**Task brief**
Word for word, transcribe the data below.

**Given information**
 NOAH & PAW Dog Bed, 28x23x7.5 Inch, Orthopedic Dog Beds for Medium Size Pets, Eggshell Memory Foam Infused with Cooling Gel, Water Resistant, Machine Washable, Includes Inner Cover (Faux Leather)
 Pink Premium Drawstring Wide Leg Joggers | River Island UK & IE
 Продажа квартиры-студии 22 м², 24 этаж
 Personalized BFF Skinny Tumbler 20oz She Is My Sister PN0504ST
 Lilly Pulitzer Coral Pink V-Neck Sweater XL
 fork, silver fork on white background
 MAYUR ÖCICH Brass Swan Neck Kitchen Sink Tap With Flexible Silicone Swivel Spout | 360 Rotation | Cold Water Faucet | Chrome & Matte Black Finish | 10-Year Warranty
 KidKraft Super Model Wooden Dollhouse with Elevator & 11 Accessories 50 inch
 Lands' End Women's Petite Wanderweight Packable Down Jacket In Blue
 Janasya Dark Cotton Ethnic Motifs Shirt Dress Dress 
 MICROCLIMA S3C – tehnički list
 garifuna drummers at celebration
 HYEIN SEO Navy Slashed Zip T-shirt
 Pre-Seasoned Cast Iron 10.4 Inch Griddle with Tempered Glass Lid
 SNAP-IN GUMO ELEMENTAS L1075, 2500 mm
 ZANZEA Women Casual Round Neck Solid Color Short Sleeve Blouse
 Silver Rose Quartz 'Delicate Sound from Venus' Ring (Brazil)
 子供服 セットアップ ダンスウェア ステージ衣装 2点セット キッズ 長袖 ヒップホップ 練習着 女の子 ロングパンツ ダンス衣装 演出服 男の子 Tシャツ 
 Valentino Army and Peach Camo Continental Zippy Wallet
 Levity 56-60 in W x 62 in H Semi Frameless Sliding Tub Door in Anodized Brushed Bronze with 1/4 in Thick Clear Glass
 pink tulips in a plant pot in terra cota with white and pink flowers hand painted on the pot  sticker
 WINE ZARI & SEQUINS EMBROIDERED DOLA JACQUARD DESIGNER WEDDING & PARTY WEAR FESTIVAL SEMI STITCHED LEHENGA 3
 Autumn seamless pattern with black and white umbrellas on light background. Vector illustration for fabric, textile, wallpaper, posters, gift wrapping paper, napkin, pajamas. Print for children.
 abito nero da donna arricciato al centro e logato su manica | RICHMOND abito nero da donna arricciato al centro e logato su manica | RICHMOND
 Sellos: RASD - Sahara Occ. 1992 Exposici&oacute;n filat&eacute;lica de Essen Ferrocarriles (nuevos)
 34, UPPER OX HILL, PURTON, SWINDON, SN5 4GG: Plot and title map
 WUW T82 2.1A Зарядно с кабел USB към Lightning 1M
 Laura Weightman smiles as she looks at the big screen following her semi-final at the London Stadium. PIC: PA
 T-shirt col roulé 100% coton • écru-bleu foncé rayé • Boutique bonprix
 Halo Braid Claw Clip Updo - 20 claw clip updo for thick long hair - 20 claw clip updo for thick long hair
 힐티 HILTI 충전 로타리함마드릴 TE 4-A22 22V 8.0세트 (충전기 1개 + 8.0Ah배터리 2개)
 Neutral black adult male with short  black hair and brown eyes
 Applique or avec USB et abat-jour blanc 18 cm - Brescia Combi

**Completed task**
 NOAH & PAW Dog Bed, 28x23x7.5 Inch, Orthopedic Dog Beds for Medium Size Pets, Eggshell Memory Foam Infused with Cooling Gel, Water Resistant, Machine Washable, Includes Inner Cover (Faux Leather)
 Pink Premium Drawstring Wide Leg Joggers | River Island UK & IE
 Продажа квартиры-студии 22 м², 24 этаж
 Personalized BFF Skinny Tumbler 20oz She Is My Sister PN0504ST
 Lilly Pulitzer Coral Pink V-Neck Sweater XL
 fork, silver fork on white background
 MAYUR ÖCICH Brass Swan Neck Kitchen Sink Tap With Flexible Silicone Swivel Spout | 360 Rotation | Cold Water Faucet | Chrome & Matte Black Finish | 10-Year Warranty
 KidKraft Super Model Wooden Dollhouse with Elevator & 11 Accessories 50 inch
 Lands' End Women's Petite Wanderweight Packable Down Jacket In Blue
 Janasya Dark Cotton Ethnic Motifs Shirt Dress Dress 
 MICROCLIMA S3C – tehnički list
 garifuna drummers at celebration
 HYEIN SEO Navy Slashed Zip T-shirt
 Pre-Seasoned Cast Iron 10.4 Inch Griddle with Tempered Glass Lid
 SNAP-IN GUMO ELEMENTAS L1075, 2500 mm
 ZANZEA Women Casual Round Neck Solid Color Short Sleeve Blouse
 Silver Rose Quartz 'Delicate Sound from Venus' Ring (Brazil)
 子供服 セットアップ ダンスウェア ステージ衣装 2点セット キッズ 長袖 ヒップホップ 練習着 女の子 ロングパンツ ダンス衣装 演出服 男の子 Tシャツ 
 Valentino Army and Peach Camo Continental Zippy Wallet
 Levity 56-60 in W x 62 in H Semi Frameless Sliding Tub Door in Anodized Brushed Bronze with 1/4 in Thick Clear Glass
 pink tulips in a plant pot in terra cota with white and pink flowers hand painted on the pot  sticker
 WINE ZARI & SEQUINS EMBROIDERED DOLA JACQUARD DESIGNER WEDDING & PARTY WEAR FESTIVAL SEMI STITCHED LEHENGA 3
 Autumn seamless pattern with black and white umbrellas on light background. Vector illustration for fabric, textile, wallpaper, posters, gift wrapping paper, napkin, pajamas. Print for children.
 abito nero da donna arricciato al centro e logato su manica | RICHMOND abito nero da donna arricciato al centro e logato su manica | RICHMOND
 Sellos: RASD - Sahara Occ. 1992 Exposici&oacute;n filat&eacute;lica de Essen Ferrocarriles (nuevos)
 34, UPPER OX HILL, PURTON, SWINDON, SN5 4GG: Plot and title map
 WUW T82 2.1A Зарядно с кабел USB към Lightning 1M
 Laura Weightman smiles as she looks at the big screen following her semi-final at the London Stadium. PIC: PA
 T-shirt col roulé 100% coton • écru-bleu foncé rayé • Boutique bonprix
 Halo Braid Claw Clip Updo - 20 claw clip updo for thick long hair - 20 claw clip updo for thick long hair
 힐티 HILTI 충전 로타리함마드릴 TE 4-A22 22V 8.0세트 (충전기 1개 + 8.0Ah배터리 2개)
 Neutral black adult male with short  black hair and brown eyes
 Applique or avec USB et abat-jour blanc 18 cm - Brescia Combi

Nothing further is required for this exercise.